Avec ses moments d’ironie (le pantalon du père, mort, qui tombe et révèle une absence de sous-vêtements fait rire le public) qui font respirer en pleine intensité douloureuse, En chemin est une pièce touchante qui, sans tomber dans la lourdeur de l’analyse psychologique, explore l’intériorité d’un homme fou de douleur, mais aussi le désir profondément humain de proximité avec ses semblables, auquel chacun peut s’identifier.
6 mars 2020
Par Avî Cagin
La beauté est dans l’oeil de celui qui regarde
6 mars 2020
Lausanne, La Grange de Dorigny.
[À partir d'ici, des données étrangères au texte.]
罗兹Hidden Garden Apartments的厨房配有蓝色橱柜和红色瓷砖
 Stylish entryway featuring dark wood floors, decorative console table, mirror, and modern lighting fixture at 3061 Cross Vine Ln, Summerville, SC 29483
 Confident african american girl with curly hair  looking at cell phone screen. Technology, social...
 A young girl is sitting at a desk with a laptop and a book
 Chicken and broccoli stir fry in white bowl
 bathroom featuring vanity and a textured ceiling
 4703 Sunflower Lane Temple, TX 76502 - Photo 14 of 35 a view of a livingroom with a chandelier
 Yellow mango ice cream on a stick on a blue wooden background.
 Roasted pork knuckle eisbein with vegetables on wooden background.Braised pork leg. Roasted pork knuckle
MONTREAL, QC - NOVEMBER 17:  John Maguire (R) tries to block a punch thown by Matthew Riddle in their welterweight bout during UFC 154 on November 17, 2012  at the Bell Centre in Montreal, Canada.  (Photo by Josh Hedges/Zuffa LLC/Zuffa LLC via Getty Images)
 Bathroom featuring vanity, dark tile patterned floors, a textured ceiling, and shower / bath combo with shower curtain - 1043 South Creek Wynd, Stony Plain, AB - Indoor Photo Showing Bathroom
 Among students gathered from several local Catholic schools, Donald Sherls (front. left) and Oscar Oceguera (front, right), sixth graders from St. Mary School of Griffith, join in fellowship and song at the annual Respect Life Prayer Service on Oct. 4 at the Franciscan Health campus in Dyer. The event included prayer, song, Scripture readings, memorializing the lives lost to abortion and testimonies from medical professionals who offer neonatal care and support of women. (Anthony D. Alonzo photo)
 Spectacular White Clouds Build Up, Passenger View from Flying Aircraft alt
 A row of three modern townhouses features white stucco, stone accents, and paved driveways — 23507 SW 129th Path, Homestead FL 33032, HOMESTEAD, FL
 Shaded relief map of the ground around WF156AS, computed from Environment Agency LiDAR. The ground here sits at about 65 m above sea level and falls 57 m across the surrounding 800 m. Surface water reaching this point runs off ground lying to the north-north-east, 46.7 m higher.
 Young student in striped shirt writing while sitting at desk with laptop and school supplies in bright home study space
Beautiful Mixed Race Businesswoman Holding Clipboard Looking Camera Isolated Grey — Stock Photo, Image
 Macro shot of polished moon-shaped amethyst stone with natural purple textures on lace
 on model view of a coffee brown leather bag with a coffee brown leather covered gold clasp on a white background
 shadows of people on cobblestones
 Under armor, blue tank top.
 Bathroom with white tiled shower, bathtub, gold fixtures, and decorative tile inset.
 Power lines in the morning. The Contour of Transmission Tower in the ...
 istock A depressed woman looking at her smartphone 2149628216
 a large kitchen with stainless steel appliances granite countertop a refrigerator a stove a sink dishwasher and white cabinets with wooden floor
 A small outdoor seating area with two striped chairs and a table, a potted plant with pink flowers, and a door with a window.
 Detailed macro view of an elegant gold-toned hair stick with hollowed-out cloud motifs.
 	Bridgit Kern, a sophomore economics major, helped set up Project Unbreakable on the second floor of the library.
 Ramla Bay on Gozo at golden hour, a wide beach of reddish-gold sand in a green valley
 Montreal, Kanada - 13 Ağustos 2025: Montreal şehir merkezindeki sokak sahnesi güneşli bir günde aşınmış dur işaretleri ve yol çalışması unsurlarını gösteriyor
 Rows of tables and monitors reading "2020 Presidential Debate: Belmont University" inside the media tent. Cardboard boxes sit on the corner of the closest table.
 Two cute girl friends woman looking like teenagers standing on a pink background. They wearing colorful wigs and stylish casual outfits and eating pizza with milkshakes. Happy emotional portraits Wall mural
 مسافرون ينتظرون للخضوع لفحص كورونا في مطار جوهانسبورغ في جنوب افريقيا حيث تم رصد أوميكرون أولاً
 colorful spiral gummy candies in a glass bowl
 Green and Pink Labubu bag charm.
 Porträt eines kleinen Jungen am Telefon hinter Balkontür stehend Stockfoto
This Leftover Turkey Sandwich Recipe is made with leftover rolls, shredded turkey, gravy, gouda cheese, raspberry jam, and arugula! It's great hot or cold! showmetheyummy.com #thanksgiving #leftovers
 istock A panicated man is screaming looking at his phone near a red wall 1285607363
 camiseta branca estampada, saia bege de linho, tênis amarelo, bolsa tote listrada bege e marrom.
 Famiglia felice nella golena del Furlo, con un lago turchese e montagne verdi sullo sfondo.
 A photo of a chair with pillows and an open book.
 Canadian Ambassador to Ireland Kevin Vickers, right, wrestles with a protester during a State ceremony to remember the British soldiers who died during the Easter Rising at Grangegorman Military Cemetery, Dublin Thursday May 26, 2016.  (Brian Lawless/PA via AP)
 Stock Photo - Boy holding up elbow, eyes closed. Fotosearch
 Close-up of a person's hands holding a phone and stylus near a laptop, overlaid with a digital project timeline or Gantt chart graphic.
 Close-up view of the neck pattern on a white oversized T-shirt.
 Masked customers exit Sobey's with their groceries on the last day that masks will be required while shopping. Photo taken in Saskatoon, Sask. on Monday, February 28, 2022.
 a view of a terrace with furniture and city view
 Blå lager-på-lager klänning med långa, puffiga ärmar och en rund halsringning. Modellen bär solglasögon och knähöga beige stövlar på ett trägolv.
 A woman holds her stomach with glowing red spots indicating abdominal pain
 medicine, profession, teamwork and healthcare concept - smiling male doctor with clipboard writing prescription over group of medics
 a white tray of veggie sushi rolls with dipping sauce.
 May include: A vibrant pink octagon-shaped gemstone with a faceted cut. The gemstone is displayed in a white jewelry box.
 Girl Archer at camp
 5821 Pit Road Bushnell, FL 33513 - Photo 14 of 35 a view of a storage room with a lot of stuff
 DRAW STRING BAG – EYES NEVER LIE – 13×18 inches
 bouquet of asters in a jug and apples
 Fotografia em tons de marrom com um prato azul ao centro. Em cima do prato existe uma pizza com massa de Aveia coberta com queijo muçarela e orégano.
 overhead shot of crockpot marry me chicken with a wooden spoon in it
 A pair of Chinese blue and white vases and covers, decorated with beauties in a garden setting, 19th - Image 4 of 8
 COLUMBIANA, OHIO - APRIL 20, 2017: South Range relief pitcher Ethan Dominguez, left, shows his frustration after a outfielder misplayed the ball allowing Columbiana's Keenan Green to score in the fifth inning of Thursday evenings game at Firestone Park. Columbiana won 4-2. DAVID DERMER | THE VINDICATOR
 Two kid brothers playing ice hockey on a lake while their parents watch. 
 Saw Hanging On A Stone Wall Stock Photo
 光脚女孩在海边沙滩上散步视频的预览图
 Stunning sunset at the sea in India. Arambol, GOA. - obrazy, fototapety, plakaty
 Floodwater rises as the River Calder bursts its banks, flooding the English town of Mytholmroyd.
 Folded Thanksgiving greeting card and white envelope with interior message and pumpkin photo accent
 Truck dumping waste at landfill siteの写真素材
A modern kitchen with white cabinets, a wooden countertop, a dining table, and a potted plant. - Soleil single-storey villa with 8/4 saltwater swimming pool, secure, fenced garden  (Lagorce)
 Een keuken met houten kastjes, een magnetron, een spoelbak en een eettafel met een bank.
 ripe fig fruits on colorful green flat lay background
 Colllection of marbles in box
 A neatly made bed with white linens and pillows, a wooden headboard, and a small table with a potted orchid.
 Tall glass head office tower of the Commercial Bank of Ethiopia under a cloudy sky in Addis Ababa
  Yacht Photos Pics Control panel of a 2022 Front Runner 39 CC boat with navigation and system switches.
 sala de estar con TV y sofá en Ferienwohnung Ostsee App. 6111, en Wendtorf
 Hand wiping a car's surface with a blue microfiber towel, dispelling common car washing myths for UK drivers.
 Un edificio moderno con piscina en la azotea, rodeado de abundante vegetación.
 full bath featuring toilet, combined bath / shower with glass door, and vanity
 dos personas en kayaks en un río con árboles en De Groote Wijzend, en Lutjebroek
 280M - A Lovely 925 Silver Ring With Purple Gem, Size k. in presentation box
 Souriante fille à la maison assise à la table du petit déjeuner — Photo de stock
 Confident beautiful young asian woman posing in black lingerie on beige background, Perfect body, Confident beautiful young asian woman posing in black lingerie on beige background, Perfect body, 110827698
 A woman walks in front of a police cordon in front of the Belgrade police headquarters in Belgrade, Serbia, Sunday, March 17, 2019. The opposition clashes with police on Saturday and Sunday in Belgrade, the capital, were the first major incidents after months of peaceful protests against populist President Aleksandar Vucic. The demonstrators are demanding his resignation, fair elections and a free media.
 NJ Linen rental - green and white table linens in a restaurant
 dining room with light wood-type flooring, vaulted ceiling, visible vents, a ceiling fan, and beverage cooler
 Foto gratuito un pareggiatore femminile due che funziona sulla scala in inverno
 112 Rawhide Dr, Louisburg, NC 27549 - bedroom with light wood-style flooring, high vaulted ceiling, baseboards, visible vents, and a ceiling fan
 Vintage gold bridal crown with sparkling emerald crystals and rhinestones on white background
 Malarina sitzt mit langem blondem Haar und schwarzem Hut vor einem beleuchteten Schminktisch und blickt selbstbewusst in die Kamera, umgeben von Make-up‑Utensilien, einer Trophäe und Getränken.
Six comédien.ne.s performent, chantent, dansent, s’essoufflent parfois et nous font oublier la pluie diluvienne en nous embarquant pour un spectacle inclassable dont la musicalité et la subtile poésie enchantent.
L’important ce n’est pas la destination, c’est le voyage écrivait l’écossais Robert Louis Stevenson, maître du roman d’aventure et grand voyageur. Il arrive pourtant que le voyage et la destination rivalisent d’enchantement.
Un décor noir. Des comédien.ne.s vêtu.e.s de noir. Des accessoires noirs eux aussi. Le kit parfait pour une histoire sombre et macabre, ce que semblent confirmer les premières minutes du spectacle, qui mettent en place une tension palpable. Et pourtant, la lumière chaude laisse penser que l’espoir persiste. Le personnage principal (incarné par Gustavo Giacosa lui-même) est emporté dans une course folle et incontrôlable. L’attention se focalise sur ses mains, parfois seules éclairées, et sur son souffle qui évoque cette course effrénée et terrifiante à certains égards.
On comprend rapidement que l’histoire se passe dans sa tête. Des comédien.ne.s incarnent les voix du passé auxquelles il tente d’échapper, des parties de lui-même qu’il n’assume pas – par lesquelles il est assailli de jour et de nuit. Leurs assauts personnifient l’emprise que l’on peut ressentir lorsque nos propres démons tentent de prendre le dessus pour nous empêcher de poursuivre notre quête (identitaire, par exemple).
La musique est présente sous diverses formes, que ce soit dans la musicalité – tantôt brutale, tantôt tendre – des mots ou dans les notes déversées sauvagement ou doucement par un musicien (Fausto Ferraiuolo) sur le piano électrique, visible sur le côté de la scène. Même les installations (souvent feutrées et dans le noir) entre les séquences participent à cette omniprésence de la musique.
Les comédien.ne.s performent et questionnent nombre de thématiques parmi lesquelles la sacrosainte maternité – représentée avec une poitrine outrageusement développée – invitant l’humour à la table de ce questionnement incessant que vit le personnage. Une autre image récurrente est celle du pater familias, présence écrasante même et surtout lorsqu’il est placé dans un rôle d’observateur silencieux. Dans la lignée de Pippo Delbono, Gustavo Giacosa réussit grâce à la présence scénique de deux comédiens en situation de handicap mental à produire un effet d’authenticité dans l’expression de ces voix intérieures.
En chemin mène le public hors des sentiers battus où l’innocence pure jaillit des moments sombres. La poétique des mots et des gestes, accompagnée des émotions transmises par la musique, font basculer le public dans une contrée enchantée. Le questionnement sur la vie après ce cheminement reste entier et pourtant l’énergie vitale générée par ce spectacle revigore. En ces temps tourmentés, voilà qui est jouissif.